"Is Sir Keith coming first? What!—And leave Lady Denham to manage the journey all alone?"
Mrs. Stockmoor maintained a discreet silence, till further pressed, when she twisted her apron anew and said, "I cannot not tell!" with an emphatic double-negative, which I had already once or twice heard from her.
Then Mr. Stockmoor advanced to his wife's rescue, volunteering information about the surrounding neighbourhood. Had we been yet to see a certain spot, not three miles off; called Gurglepool? It seems from his description to be an odd and mysterious hole in the earth, and I cannot recall hearing the name before, though the girls have evidently been aware of Its existence.
"There are two holes," Nona said, "one big and one little. Eustace told us about them."
I suggested an excursion to the place to-morrow, and Thyrza seconded me.
Maggie immediately protested. She said that "she and the rest" had settled to drive up the Dale in the waggonette. They wanted to see the road to the station by daylight.
"Very well," I replied. "One day is as good as another for Gurglepool."

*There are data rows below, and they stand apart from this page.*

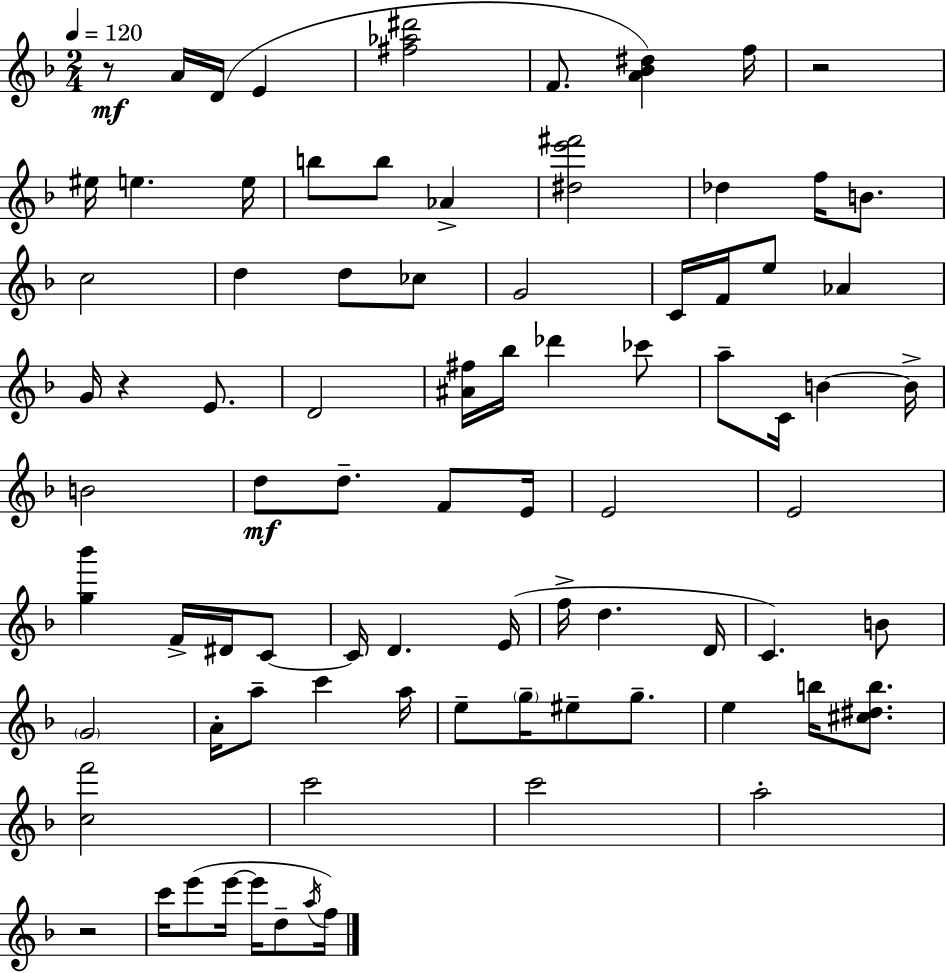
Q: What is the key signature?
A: D minor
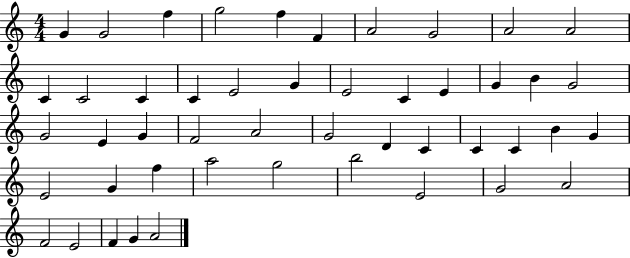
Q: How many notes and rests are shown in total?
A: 48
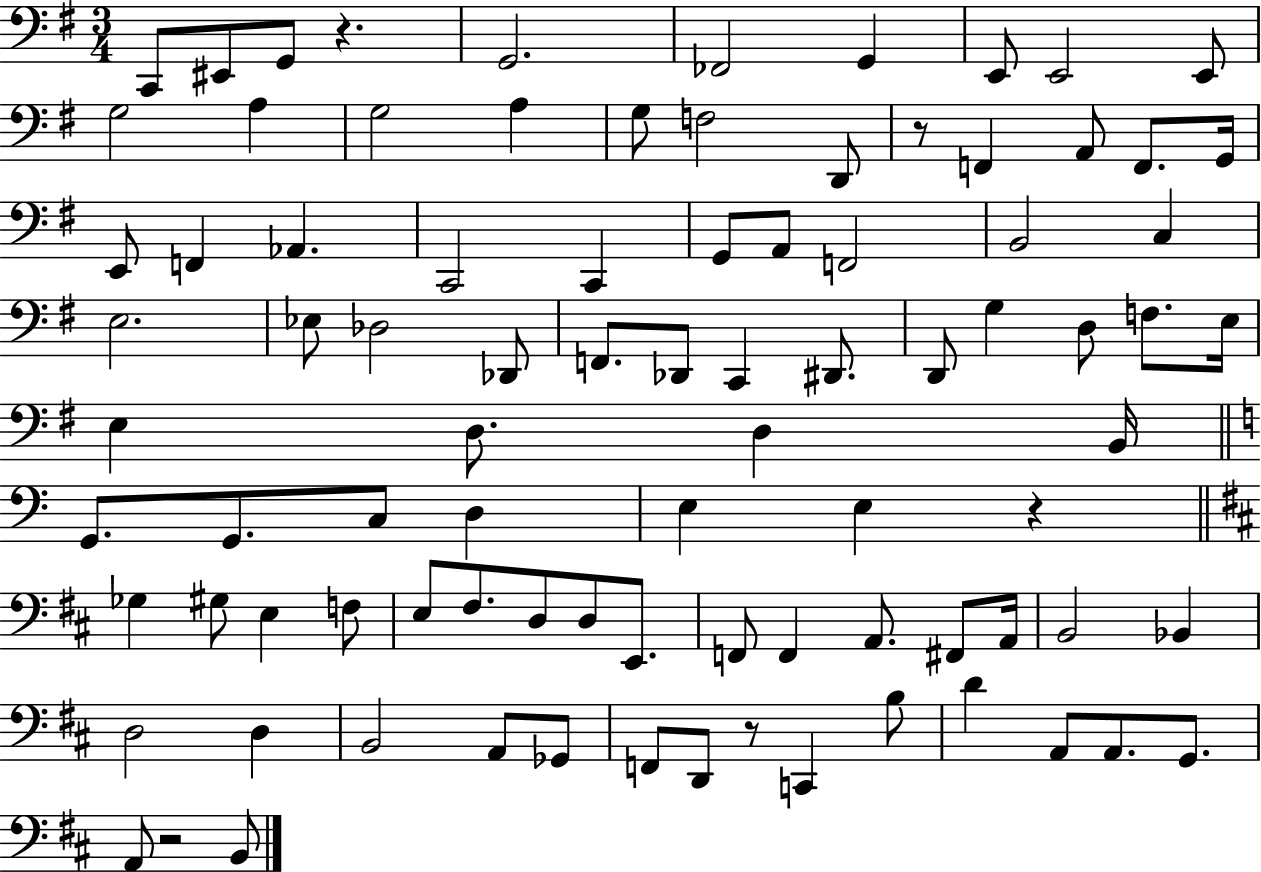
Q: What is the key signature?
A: G major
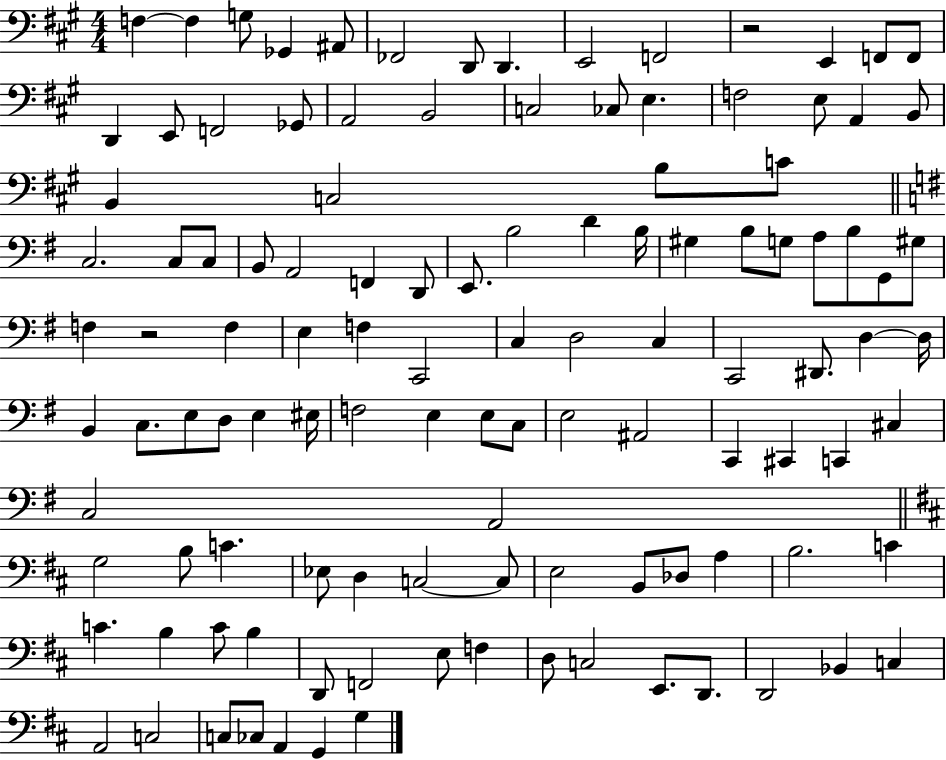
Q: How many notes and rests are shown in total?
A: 115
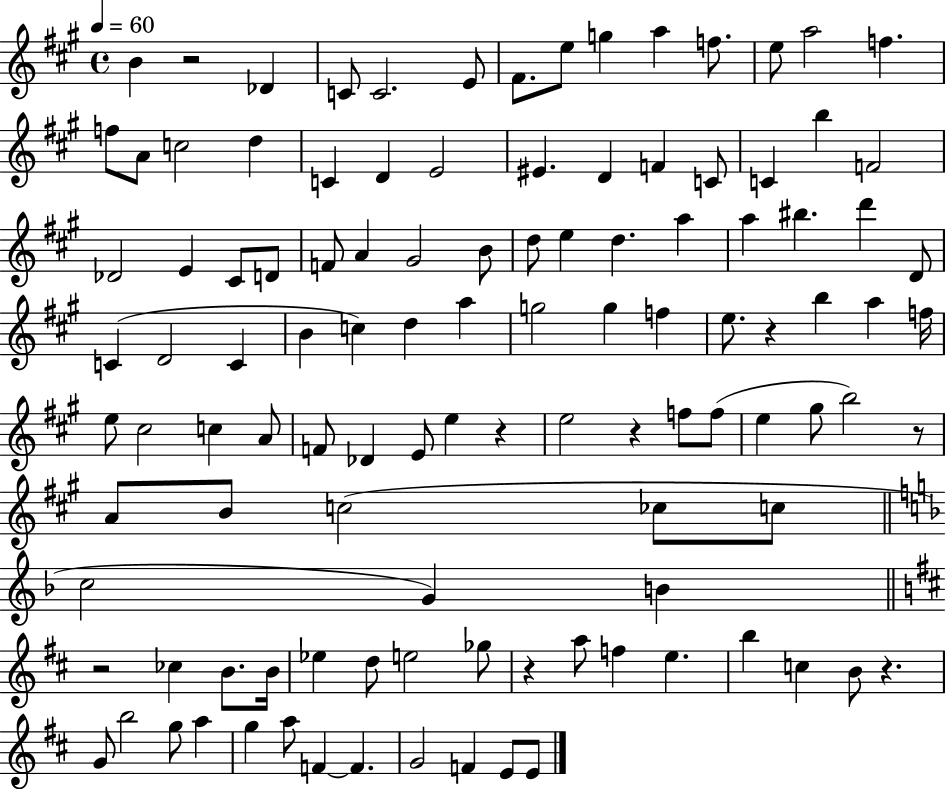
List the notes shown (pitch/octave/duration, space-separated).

B4/q R/h Db4/q C4/e C4/h. E4/e F#4/e. E5/e G5/q A5/q F5/e. E5/e A5/h F5/q. F5/e A4/e C5/h D5/q C4/q D4/q E4/h EIS4/q. D4/q F4/q C4/e C4/q B5/q F4/h Db4/h E4/q C#4/e D4/e F4/e A4/q G#4/h B4/e D5/e E5/q D5/q. A5/q A5/q BIS5/q. D6/q D4/e C4/q D4/h C4/q B4/q C5/q D5/q A5/q G5/h G5/q F5/q E5/e. R/q B5/q A5/q F5/s E5/e C#5/h C5/q A4/e F4/e Db4/q E4/e E5/q R/q E5/h R/q F5/e F5/e E5/q G#5/e B5/h R/e A4/e B4/e C5/h CES5/e C5/e C5/h G4/q B4/q R/h CES5/q B4/e. B4/s Eb5/q D5/e E5/h Gb5/e R/q A5/e F5/q E5/q. B5/q C5/q B4/e R/q. G4/e B5/h G5/e A5/q G5/q A5/e F4/q F4/q. G4/h F4/q E4/e E4/e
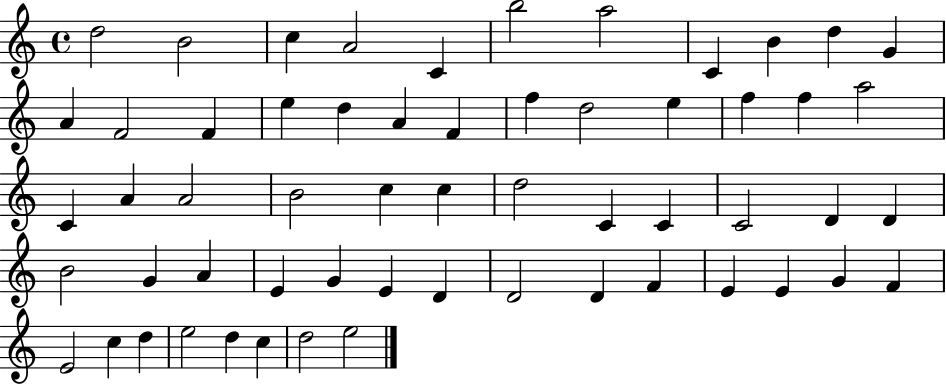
X:1
T:Untitled
M:4/4
L:1/4
K:C
d2 B2 c A2 C b2 a2 C B d G A F2 F e d A F f d2 e f f a2 C A A2 B2 c c d2 C C C2 D D B2 G A E G E D D2 D F E E G F E2 c d e2 d c d2 e2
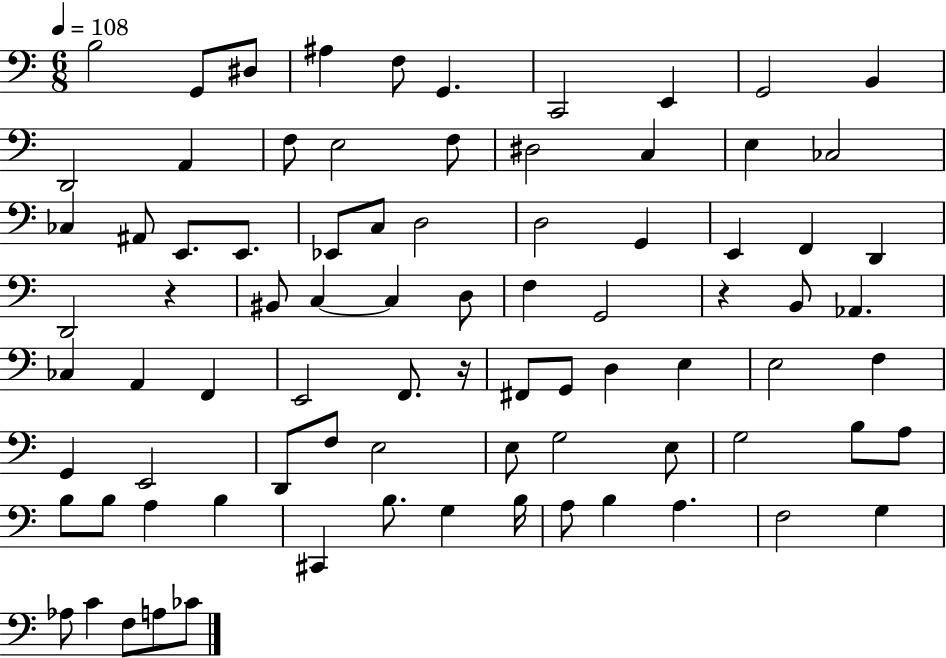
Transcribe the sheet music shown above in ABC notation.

X:1
T:Untitled
M:6/8
L:1/4
K:C
B,2 G,,/2 ^D,/2 ^A, F,/2 G,, C,,2 E,, G,,2 B,, D,,2 A,, F,/2 E,2 F,/2 ^D,2 C, E, _C,2 _C, ^A,,/2 E,,/2 E,,/2 _E,,/2 C,/2 D,2 D,2 G,, E,, F,, D,, D,,2 z ^B,,/2 C, C, D,/2 F, G,,2 z B,,/2 _A,, _C, A,, F,, E,,2 F,,/2 z/4 ^F,,/2 G,,/2 D, E, E,2 F, G,, E,,2 D,,/2 F,/2 E,2 E,/2 G,2 E,/2 G,2 B,/2 A,/2 B,/2 B,/2 A, B, ^C,, B,/2 G, B,/4 A,/2 B, A, F,2 G, _A,/2 C F,/2 A,/2 _C/2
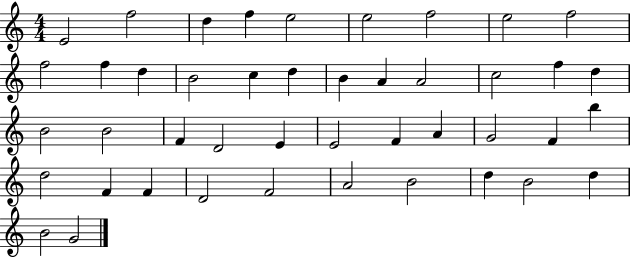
{
  \clef treble
  \numericTimeSignature
  \time 4/4
  \key c \major
  e'2 f''2 | d''4 f''4 e''2 | e''2 f''2 | e''2 f''2 | \break f''2 f''4 d''4 | b'2 c''4 d''4 | b'4 a'4 a'2 | c''2 f''4 d''4 | \break b'2 b'2 | f'4 d'2 e'4 | e'2 f'4 a'4 | g'2 f'4 b''4 | \break d''2 f'4 f'4 | d'2 f'2 | a'2 b'2 | d''4 b'2 d''4 | \break b'2 g'2 | \bar "|."
}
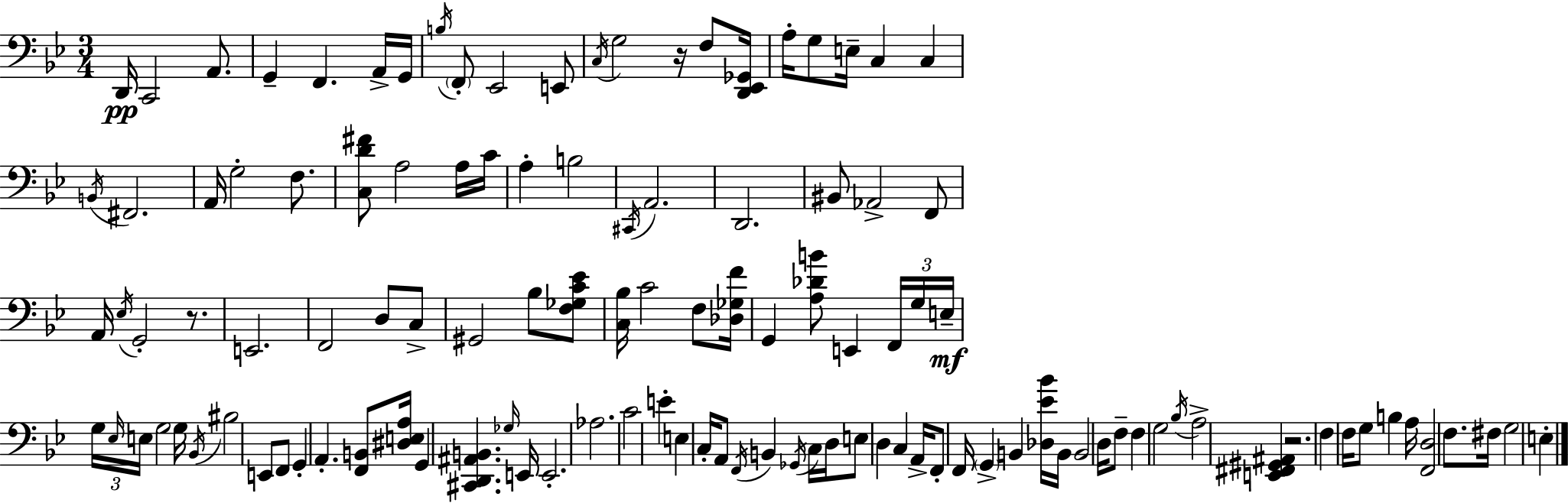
X:1
T:Untitled
M:3/4
L:1/4
K:Gm
D,,/4 C,,2 A,,/2 G,, F,, A,,/4 G,,/4 B,/4 F,,/2 _E,,2 E,,/2 C,/4 G,2 z/4 F,/2 [D,,_E,,_G,,]/4 A,/4 G,/2 E,/4 C, C, B,,/4 ^F,,2 A,,/4 G,2 F,/2 [C,D^F]/2 A,2 A,/4 C/4 A, B,2 ^C,,/4 A,,2 D,,2 ^B,,/2 _A,,2 F,,/2 A,,/4 _E,/4 G,,2 z/2 E,,2 F,,2 D,/2 C,/2 ^G,,2 _B,/2 [F,_G,C_E]/2 [C,_B,]/4 C2 F,/2 [_D,_G,F]/4 G,, [A,_DB]/2 E,, F,,/4 G,/4 E,/4 G,/4 _E,/4 E,/4 G,2 G,/4 _B,,/4 ^B,2 E,,/2 F,,/2 G,, A,, [F,,B,,]/2 [^D,E,A,]/4 G,, [^C,,D,,^A,,B,,] _G,/4 E,,/4 E,,2 _A,2 C2 E E, C,/4 A,,/2 F,,/4 B,, _G,,/4 C,/4 D,/4 E,/2 D, C, A,,/4 F,,/2 F,,/4 G,, B,, [_D,_E_B]/4 B,,/4 B,,2 D,/4 F,/2 F, G,2 _B,/4 A,2 [E,,^F,,^G,,^A,,] z2 F, F,/4 G,/2 B, A,/4 [F,,D,]2 F,/2 ^F,/4 G,2 E,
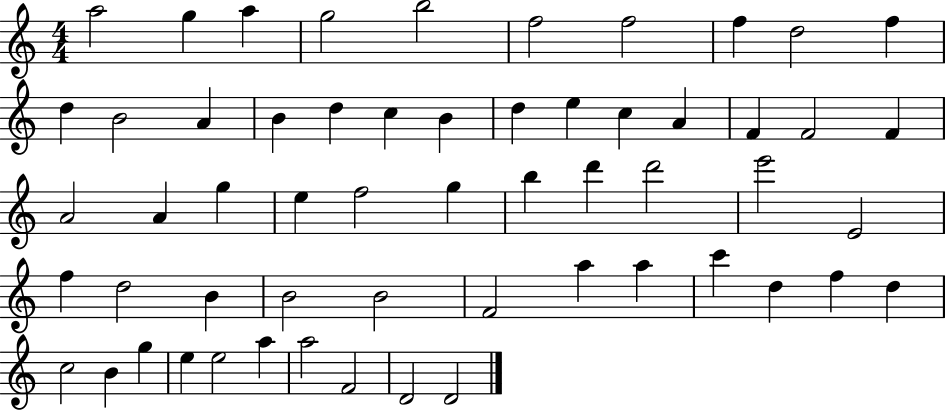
{
  \clef treble
  \numericTimeSignature
  \time 4/4
  \key c \major
  a''2 g''4 a''4 | g''2 b''2 | f''2 f''2 | f''4 d''2 f''4 | \break d''4 b'2 a'4 | b'4 d''4 c''4 b'4 | d''4 e''4 c''4 a'4 | f'4 f'2 f'4 | \break a'2 a'4 g''4 | e''4 f''2 g''4 | b''4 d'''4 d'''2 | e'''2 e'2 | \break f''4 d''2 b'4 | b'2 b'2 | f'2 a''4 a''4 | c'''4 d''4 f''4 d''4 | \break c''2 b'4 g''4 | e''4 e''2 a''4 | a''2 f'2 | d'2 d'2 | \break \bar "|."
}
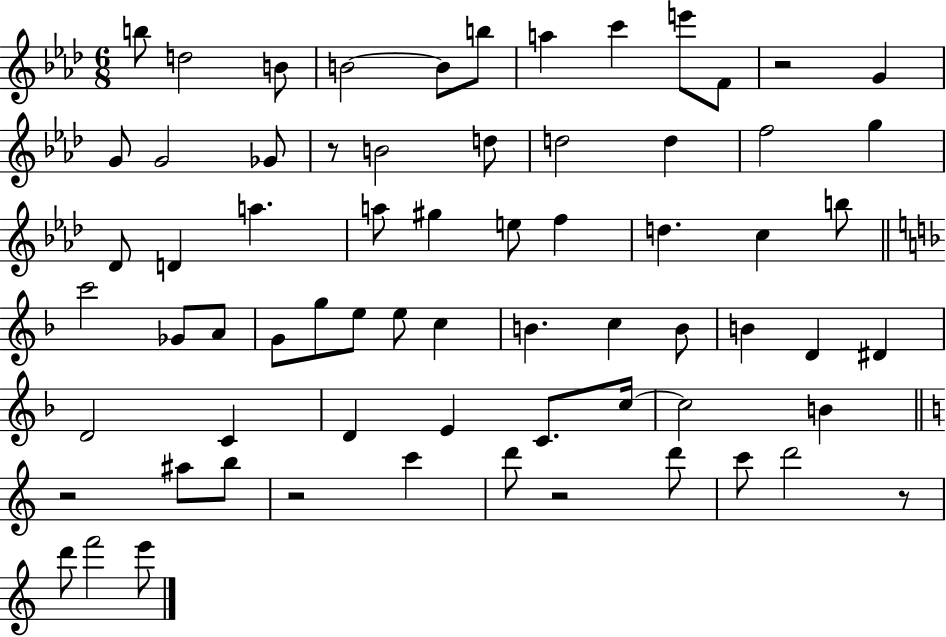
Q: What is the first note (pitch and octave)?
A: B5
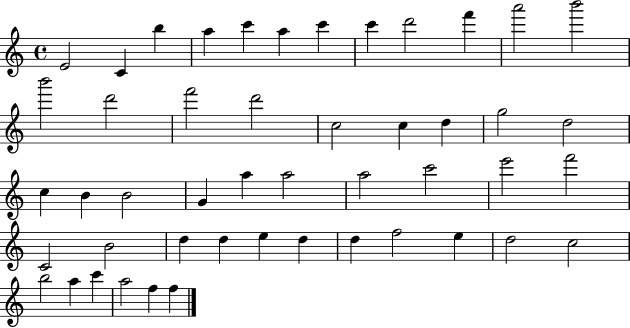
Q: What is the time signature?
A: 4/4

I noted a gleam of quiet intelligence in Mr. Stockmoor's eyes, and five minutes later, as we were departing, he offered to bring "t' trap" on the morrow to "t' hoose," that I and one or two others might still carry out my project.
As the waggonette could not contain all our party, and I should, of course, be the one left out, I felt no scruple about accepting the offer, with thanks.
But are the Denhams really proposing to stay near us? And if so, is it on our account or on their own? Thyrza thinks their coming very probable.